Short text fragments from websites
>>
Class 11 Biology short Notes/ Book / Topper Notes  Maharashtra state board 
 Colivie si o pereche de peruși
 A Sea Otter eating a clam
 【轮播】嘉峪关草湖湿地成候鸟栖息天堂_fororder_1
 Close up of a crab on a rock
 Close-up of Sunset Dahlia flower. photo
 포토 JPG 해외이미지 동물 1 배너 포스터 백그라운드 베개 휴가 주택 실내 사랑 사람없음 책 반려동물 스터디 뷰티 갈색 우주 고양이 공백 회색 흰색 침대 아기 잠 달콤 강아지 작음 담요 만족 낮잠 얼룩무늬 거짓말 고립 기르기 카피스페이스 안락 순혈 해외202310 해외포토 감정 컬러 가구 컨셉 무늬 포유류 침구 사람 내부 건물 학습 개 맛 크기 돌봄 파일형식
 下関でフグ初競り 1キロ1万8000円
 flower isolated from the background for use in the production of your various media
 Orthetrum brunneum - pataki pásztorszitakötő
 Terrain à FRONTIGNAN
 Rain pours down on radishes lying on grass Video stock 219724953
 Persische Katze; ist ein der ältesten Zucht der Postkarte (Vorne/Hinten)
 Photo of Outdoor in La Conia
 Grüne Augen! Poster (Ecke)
<<
**Task objective:** Identify each line in the records above that contains the word "flower", and copy it out in full.

**Output for this exercise:**
 Close-up of Sunset Dahlia flower. photo
 flower isolated from the background for use in the production of your various media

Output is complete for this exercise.